In a previous post I wrote about what you can expect if you attend one of my soap making courses. It’s always a fun day making new friends and we usually have a bit of “bake off” style banter too!
I also shared a few frequently asked questions and since then I have compiled a list of the questions that are asked the most frequently on my cold process soap making course.
Can I substitute other ingredients for the ones in your recipes?
You should never substitute the ingredients in any soap recipe as each ingredient has a different SAP value (the number you need to calculate the amount of lye required for a particuar ingredient). If you did substitute one or more of the ingredients you probably wouldn’t end up with soap as it may not even reach the trace stage (when the soap mixture starts to thicken) or if it did reach trace it could end up being too caustic to use.
Can I use a measuring jug to weigh the water?
I always recommend that you weigh the water using scales as it’s the most accurate method. If you use a measuring jug it will involve a bit of guesswork and this is never a good idea in soap making.
What are good ingredients to include in soap for sensitive skin?
One of the most gentle and soothing soap bars you can make is with 100% olive oil (also known as castile soap). There is not much of a lather but you will experience super gentle cleansing.
Goat’s milk is also a good option for sensitive skin.
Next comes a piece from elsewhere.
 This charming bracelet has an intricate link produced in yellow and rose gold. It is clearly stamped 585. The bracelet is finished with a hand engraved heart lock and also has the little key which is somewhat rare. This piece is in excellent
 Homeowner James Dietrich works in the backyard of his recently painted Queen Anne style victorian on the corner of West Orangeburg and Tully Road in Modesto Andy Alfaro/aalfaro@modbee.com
The cream in goat’s milk soothes dry and damaged skin and also possesses an anti-inflammatory action.
How do you decide what base oils to use when you start to create your own recipes?
The most exciting part of soap making is researching the different oils and their properties and deciding exactly what you would like in a bar of soap. A basic rule of thumb to start with is 60% hard oils and 40% soft oils. It’s all about experimenting and coming up with a recipe that you and your skin will love!
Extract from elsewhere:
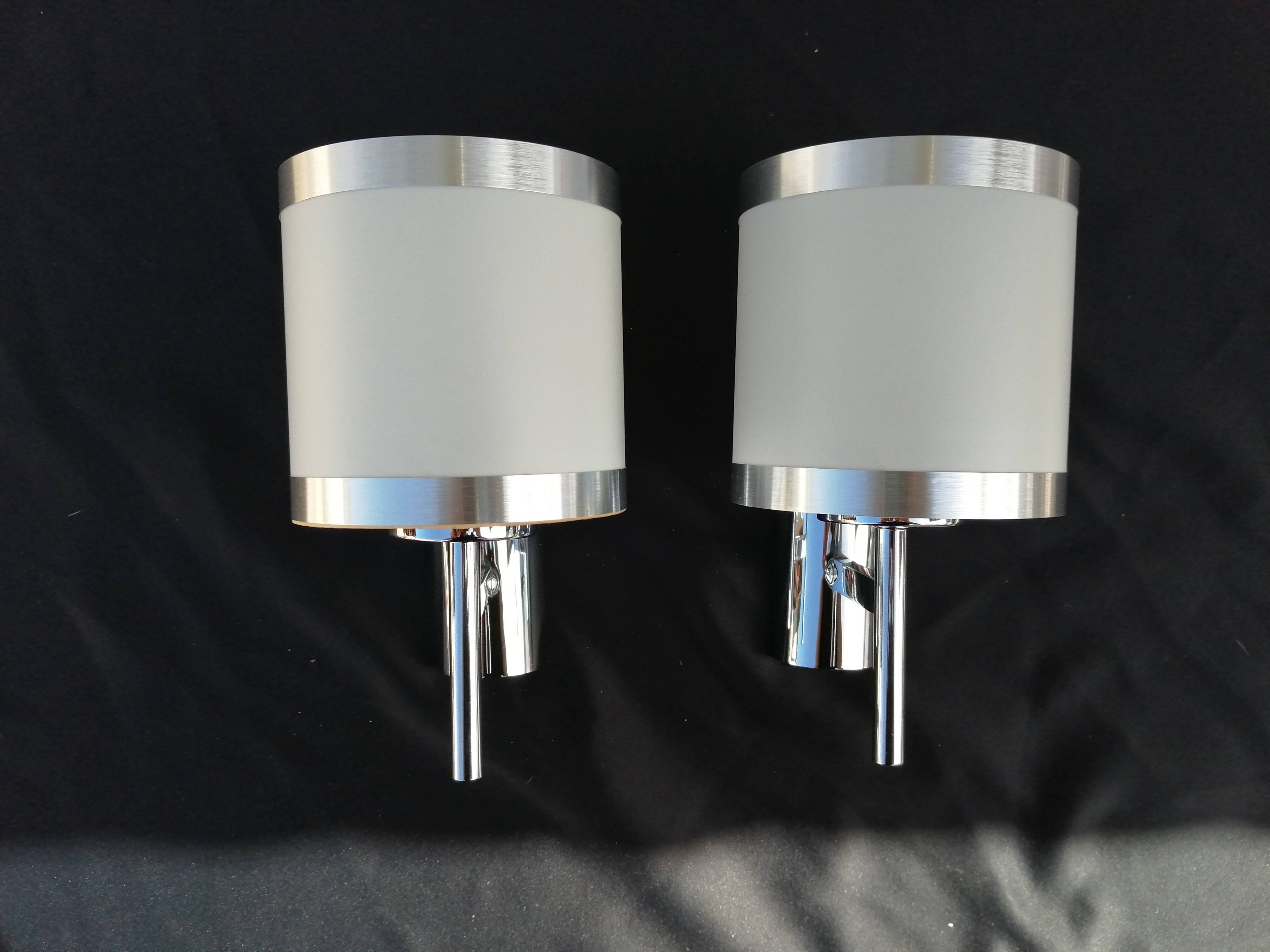 Pair of chrome design wall lights and vintage white hat 1970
Do I really have to wait four weeks to use my soap?
Four weeks is the minimum amount of time that cold process soap needs to cure in order to complete the saponification process fully. At the end of this period the alkalinity of the lye will have been cancelled out by the acidity of the oils and your soap is ready to use.
If you can’t wait that long and you have used a mould that is oven proof, then you have the option of following the Cold Process Oven Process or CPOP method. Place your soap in the oven at around 170°F for two hours and then switch it off and leave to cool in the oven (with door closed) for several hours or overnight.